Perceivable: Can they see/hear it?
- 1. Color Contrast (WCAG 1.4.3 AA): Text needs 4.5:1 contrast ratio against backgrounds. Test your designs with tools like Stark or WebAIM checker, dark text on light backgrounds fails most often.
- 2. Image Alt Text (WCAG 1.1.1 A): Every meaningful image needs descriptive alt text (e.g., "Designer reviewing wireframes on laptop" vs. "image.jpg" Decorative images get empty alt""
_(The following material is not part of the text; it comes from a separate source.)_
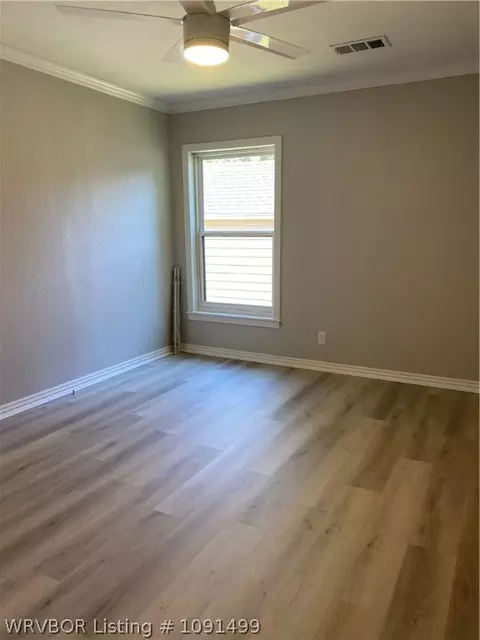 Other - 3709 Chaffee Dr, Fort Smith, AR 72904 photo 7 of 10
Operable: Can they use it?
- 1. Keyboard Navigation (WCAG 2.1.1 A): Every interactive element (buttons, links, forms) must be reachable and usable via Tab key alone, no mouse needed. Test by using the website with only your keyboard.
- 2. Target Size (WCAG 2.5.5 AA): Buttons/links need 24x24 CSS pixels minimum. Small icons kill mobile accessibility.
Understandable: Can they read it?
- 1. Readable Text (WCAG 3.1.5 AA): Use common words at 8th-grade reading level. Avoid jargon overload, tools like Hemingway App flag complex sentences.
- 2. Predictable Navigation (WCAG 3.2.3 AA): Consistent layouts (logo top-left, menu top-right) help users with cognitive disabilities. Don't surprise them with random button placements.
Robust: Does it work everywhere?
- 1. Semantic Headings (WCAG 1.3.1 A): Use proper H1, H2, H3 tags for structure, not just styling. Screen readers jump between headings, styled divs break this flow.
- 2. ARIA Labels (WCAG 4.1.2 A): Custom interactive elements (e.g., sliders, accordions) need aria-label or aria-labelledby for screen readers.
Tip: Master these 8 first: they cover 80% of WCAG issues.